Simple Nilpotent Linear Transformation Proof Misunderstanding

Question

Let $T \in \mathcal{L}(V,V)$ be nilpotent, where $\mathcal{L}(V,V)$ is the set of all linear transformations from $V$ to $V$. Let $n$ be the dimension of $V$. Show that $T^{n}=0$.

This has been asked before here: For an n x n matrix T, prove that if $[T]^k=[0]_n$, then $[T]^n=[O]_n$

but I can't wrap my brain around it.

I want to understand all the small details clearly and precisely in my head.

$\textbf{Here is are the facts I know/proof attempt}$:

Since $T$ is nilpotent, then $T^{k}=0$, $k > 0$.

I only know two facts:

There is a (non-trivial) polynomial $p_1(x)$ of degree $\leq n^2$ such that $p_1(T)=0$

Minimal polynomial: monic polynomial of lowest degree $p_2(x)$ such that $p_2(T)=0$

Now this link says For an n x n matrix T, prove that if $[T]^k=[0]_n$, then $[T]^n=[O]_n$: "Since $T^k=0$, the mimimal polynomial for $T$ in $\mathbb{R}[x]$ must divide $x^k$, hence must be of the form $p_2(x) = x^j$, for some $j \le k$."

$\textbf{I don't see how $T^k=0$ implies the minimal polynomial divides $x^k$. Why is this true?}$

This is what I understand, monic polynomial is written in form: $p_2(x)=\beta_{0}x+\ldots+\beta_{k}x^k+\ldots x^m$

Applying $T$: $p_2(T)=\beta_{0}T+\ldots+\beta_{k}T^k+\ldots T^m=0$.

Then, $p_2(T)=\beta_{0}T+\ldots+0+\ldots T^m=0$ since $T^k=0$.

$\textbf{Still I, don't see why this implies the minimal polynomial divides $x^k$}$

Furthermore, after this:

He says the degree of $p_2$ is at most $n$.

$\textbf{I don't understand why this is true, I thought the degree of $p_2$ is at most $n^2$}$.

Then he says: $$p_2(T) = 0 \implies T^j = 0 \implies T^n=0$$

Why does $$p_2(T) = 0 \implies T^j = 0 \implies T^n=0?$$ I don't fully grasp either of the implications.

Is he saying the minimal polynomial of the form: $p_2(x)=\beta_{0}x+\ldots x^j$ or is it $p_2(x)=x^j$?

As you can tell I'm very confused and just want to understand the ideas clearly.
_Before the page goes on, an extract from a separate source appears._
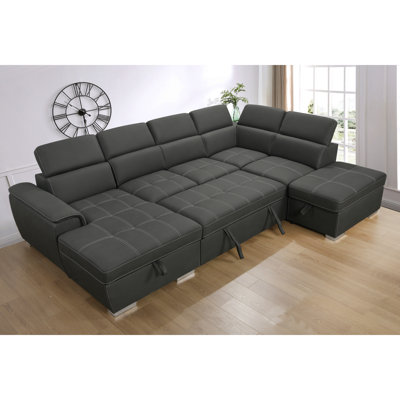 128"Sofa U Shaped Sectional Couch With Ottomans Reversible Modular Sofa 7 Seater Couch With Storage Seat,Living Room Furniture Sofa Sets With Adjustable Headrest, Grey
Thanks.

There is a polynomial of degree $n$ (not “of degree at most $n^2$”) with $p(A)=0$: the characteristic polynomial! — Arturo Magidin, Sep 02 '20 at 00:20
The minimal polynomial divides any polynomial $p(x)$ such that $p(A)=0$. To see this, do division with remainder of $p(x)$ by the minimal $m(x)$, and verify that the assumption of minimality of the degree of $m$ ensures the remainder is the zero polynomial. — Arturo Magidin, Sep 02 '20 at 00:21
Is it that specific proof that you want to understand? I think the simplest argument is the one that notes for any subspace $U\subseteq \mathbb{F}^n$ we have $U=TU\implies U=T^kU=0$. Further if $TU\subseteq U$ then $T^2U\subseteq TU$, so starting with $\mathbb{F}^n$ and repeatedly applying $T$ we have a strictly decreasing sequence of subspaces, $T^i(\mathbb{F}^n)$, $i=0,\cdots, r$, where $T^r=0$. Then the dimensions of these spaces are $n=d_0>d_1>\cdots>d_r=0$. Thus $r\leq n$. — tkf, Sep 02 '20 at 00:24
I would like to understand the above proof. I know that all the eigenvalues of $T$ are 0. I dont know much about the characteristic polynomial. Why does p(T)=0 where p is the characteristic polynomial? — splendor splendid, Sep 02 '20 at 00:33

score 1 · Accepted Answer · answered Sep 02 '20 at 00:54

Here are some facts/definitions. Let $V$ be a finite-dimensional vector space over a field $F$, and let $T:V\to V$ be linear.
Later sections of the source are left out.